Le projet de loi C-13 vient énoncer, de manière explicite, que l’égalité réelle est la norme qui doit guider l’interprétation de la loi.

Le projet de loi C-13 inscrit aussi dans la loi que les droits linguistiques doivent être interprétés d’une façon large et libérale en fonction de leur objet et de leur « caractère réparateur ». À titre d’exemple, l’article 23 de la Charte canadienne des droits et libertés détient un caractère réparateur, car il vise, selon les tribunaux, et je cite :

[...] à remédier, à l’échelle nationale, à l’érosion progressive des minorités parlant l’une ou l’autre langue officielle, à appliquer la notion de « partenaires égaux » des deux groupes linguistiques officiels dans le domaine de l’éducation [...]
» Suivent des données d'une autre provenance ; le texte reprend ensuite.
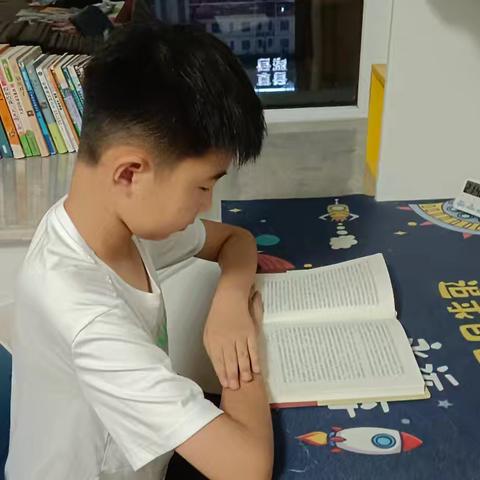 逐梦少年 闪耀校园——记优秀学生的成长故事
Ce principe guidera l’interprétation de la loi afin d’assurer une plus grande protection aux communautés de langue officielle en situation minoritaire.
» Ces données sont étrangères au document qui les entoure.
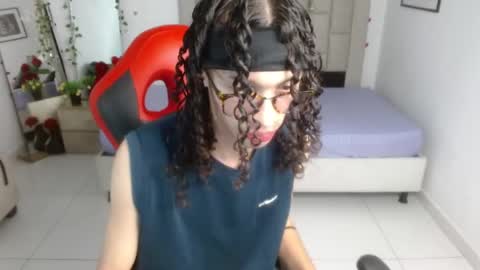Snapshot of axel_fox7 chatting on May 24, 1:10 am Axel online show from May 24, 1:10 am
Le projet de loi reconnaît aussi que le secteur privé a un rôle à jouer dans la promotion et la protection du français. Avec la modernisation de la Loi sur les langues officielles, le projet de loi C-13 s’assure que les entreprises privées sous compétence fédérale fassent leur part pour protéger et promouvoir le français au Québec et dans les régions à forte présence francophone partout au pays. À cet effet, il prévoit des droits et des obligations assurant la possibilité, pour les consommateurs, de communiquer en français avec certaines entreprises privées de compétence fédérale et des droits en matière de langue de travail, permettant notamment aux employés de faire leur travail et d’être supervisés en français.

Le cinquième principe directeur de la réforme demande au gouvernement du Canada de donner l’exemple en renforçant la conformité au sein des institutions fédérales. En effet, le gouvernement du Canada et ses institutions doivent mettre la loi en œuvre de manière exemplaire. Ce projet de loi comporte des mesures concrètes pour assurer l’accès au système de justice dans la langue officielle de son choix.
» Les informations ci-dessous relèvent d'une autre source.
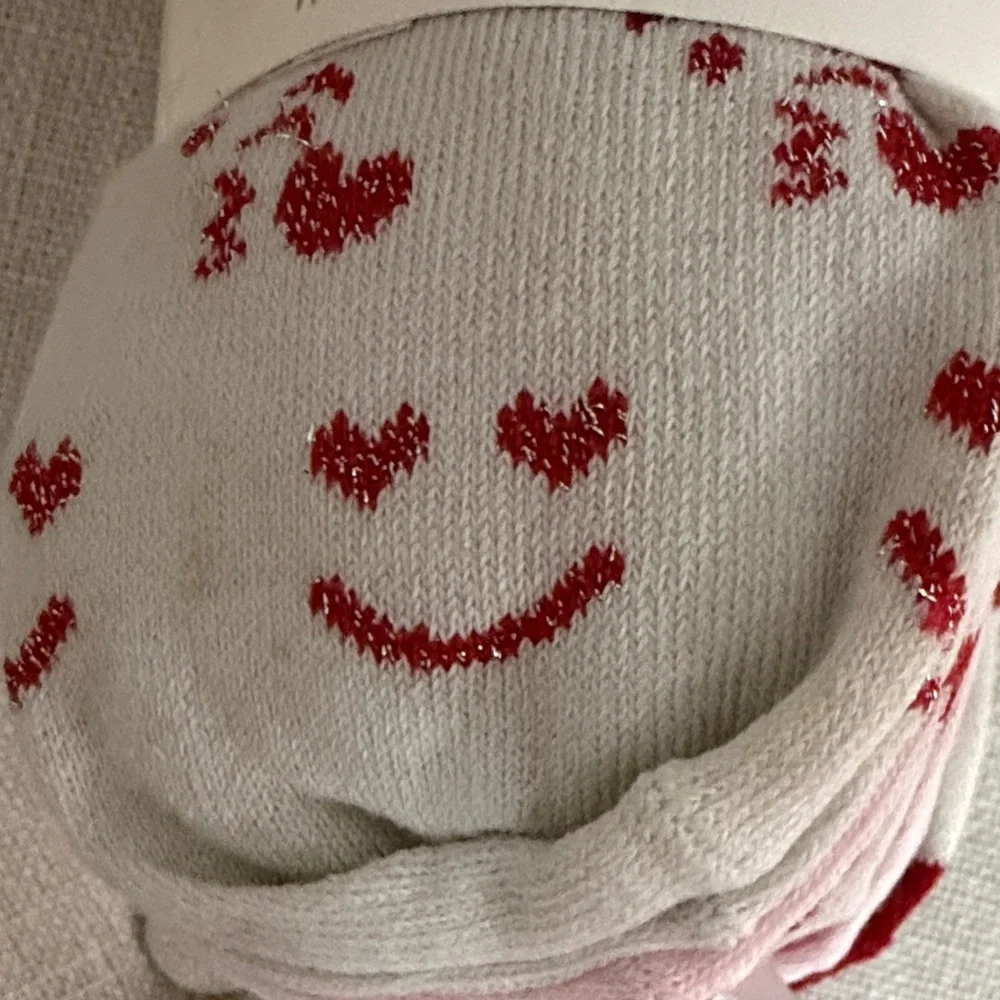 Jessica Simpson Red and White No Show Socks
Il compte également des mesures pour renforcer le rôle du Conseil du Trésor dans la surveillance de la conformité des institutions fédérales aux obligations en matière de langues officielles et dans la reddition de comptes sans pour autant mettre de côté le rôle du ministre du Patrimoine canadien et l’expertise de ce dernier pour cerner les besoins des communautés de langue officielle en situation minoritaire.

Le projet de loi prévoit également de nouveaux pouvoirs pour le commissaire aux langues officielles — qui joue présentement un rôle d’ombudsman — pour l’application de la loi. Le commissaire ne serait plus limité à la formulation de recommandations et disposerait d’une gamme de pouvoirs contraignants, comme le pouvoir de rendre des ordonnances.

Enfin, le sixième principe directeur de la réforme du régime des langues officielles est de veiller à ce que nous regardions au-delà des besoins immédiats en matière de langues officielles.

De toute évidence, le paysage linguistique évolue et la société canadienne change tout aussi rapidement. Ce projet de loi contient une toute nouvelle mesure qui assurera la pertinence de la loi en continu au fil des générations à venir. En effet, le projet de loi prévoit une nouvelle obligation de procéder à un examen périodique des dispositions et de l’application de la loi.

Il est le reflet d’une volonté de mener à terme une réforme qui se veut ambitieuse.

Pour être bien clair, le projet de loi prévoit de nouveaux domaines d’intervention, comme l’enseignement postsecondaire en contexte minoritaire, l’immigration francophone, le bilinguisme des juges de la Cour suprême, les droits de travailler et d’être servis en français dans les entreprises privées de compétence fédérale, ainsi qu’un nouveau cadre de gouvernance pour la mise en œuvre.

Le projet de loi C-13 présente donc des avancées importantes afin d’assurer la pérennité de nos deux langues officielles et l’épanouissement de nos communautés de langue officielle en situation minoritaire partout au pays.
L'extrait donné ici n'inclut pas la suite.